While participating in the Siemens STEM Institute 2011 fellowship program, I attended Lodge McCammon’s (of the Friday Institute) presentation discussing the “The Flipped Classroom”.  It was an eye-opening experience that immediately made me aware of all the possibilities this tool can provide.

The idea of providing my high school Biology students with prerecorded lectures to listen to, at their own pace, sounded like a great way to differentiate my lecture material.  Students now can pause and rewind the material that was more difficult for them to understand.  This format also makes the curriculum more accessible to my ELL (English Language Learner) and special needs students.  

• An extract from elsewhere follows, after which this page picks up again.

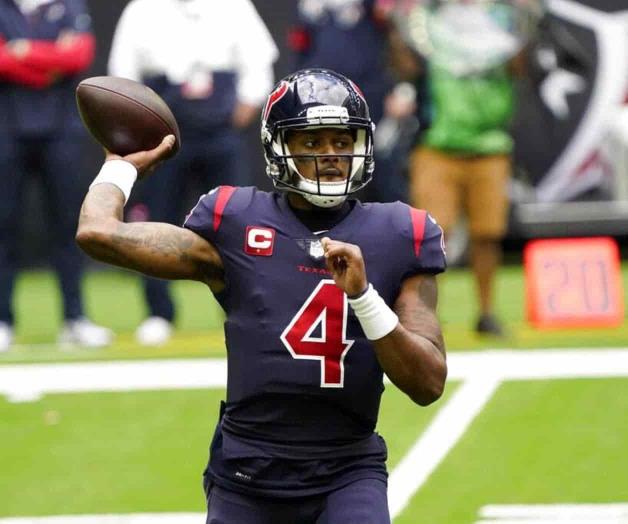 Fuente AP: Watson planea presentarse a campamento de Texans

The greatest benefit of the Flipped Classroom is students can watch these lectures on their own time, as homework.  This translates into less of our class time being spent lecturing and much more time being spent exploring the newly learned concepts with labs, projects or investigations. 
This is where the term “flipped” comes from.  Rather than a teacher lecturing during class and then sending students home to work on projects they may not understand, students are instead assigned lectures to watch as homework and return to class ready to further explore the concepts.  By “flipping” what is assigned as homework, teachers assume the role of personal learning coaches and fellow classmates become tutors, all while being actively engaged in the content.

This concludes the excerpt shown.